Every Disk is a Unique Snowflake

Hadoop job performance depends on disk bandwidth, especially the read bandwidth.

On RAID-0 Storage the disk accesses go at the rate of the slowest disk. It’s always been believed that the disks would all start out taking the same speed, and only degrade over time. Recent research shows things are worse than this: that the current generations of hard disks vary in performance from day one.

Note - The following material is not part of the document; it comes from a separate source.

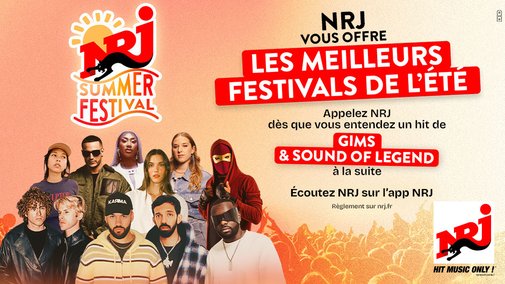 🎟️ NRJ Summer Festival : gagnez vos places pour les plus grands festivals de l'été avec le Double Hit NRJ !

The 2011 paper, Disks Are Like Snowflakes: No Two Are Alike, measured the performance of modern disk drives, and discovered that they can vary in data IO rates by 20%, even when they are all writing to same part of the hard disk. This is because the latest manufacturing processes produce disks with different surface characteristics – altering the density at which the disks can store data. Rather than set the disk electronics up to only support the lowest measured performance, or to discard the slowest disks, manufacturers now use a technique called Adaptive Zoning. The newly manufactured disks are calibrated to their performance, and the the controllers configured to drive each zone in the disk at the highest rate that zone supports.

This is profound – and it’s not something that the disk manufacturers have been publicising. Modern CPU’s are “binned” into parts that support different rates – but those rates are published and you get to pay more for the faster parts. Here the speed of the disk varies, and you just have to hope your parts are the fast ones. In the experiments the authors of the paper conducted, some disks could deliver 105 Megabytes of data a second, with the actual range being 90-111 MB/s.

If you have eight disks, some will be faster than the others, right from day one. And your RAID-0 storage will deliver the performance of the slowest disk right from the day you unpack it from its box and switch it on.

That is the other why we don’t recommend configuring your servers’ storage as one large RAID-0 array.

Summary

To summarize: RAID-0 storage appears to increase disk I/O times, but it will deliver data at the rate of the slowest disk in the array – an array whose disk speeds can vary by up to 20%. When a single disk eventually fails, all the data on the server is lost, forcing you to reformat all the disks and waiting for HDFS to repopulate the server with new data.

  1. We use JBOD storage for all our worker nodes – and recommend our customers to do too.
  2. If anyone does insist on RAID-0 storage, restrict it to pairs of disks – so keeping the risk and cost of failures down.

Update: Single Drive RAID-0

Some people asked us what about RAID-0 and single drives – so we’d like to clarify this: Hadoop works perfectly well if you configure each drive as a single RAID-0 volume.

This configuration comes about with disk controllers that expect everything to be RAIDed, or if the controller can support JBOD or RAID modes -and you declare one pair of disks as RAID-1. Why would anyone want do declare two disks as RAID-1 – mirrored disks? If you put the OS on that RAID volume then the failure of either of those disks will not stop the server. In the very large 500+ node clusters people don’t do this -they have enough spare servers around, and would rather have the extra storage and bandwidth. On smaller clusters, having the OS on a mirrored pair of disks downgrades a server failure from a serious problem (re-replication of all the server’s data, new disk needed in a few hours) to a task (get a replacement disk and swap it into the server when you get a chance).

The problems with RAID-0 -amplified data replication on a disk failure, performance of the slowest disk- increase with the number of disks. With a single disk, you get exactly the same numbers as you would if the disk controller considered it a JBOD drive.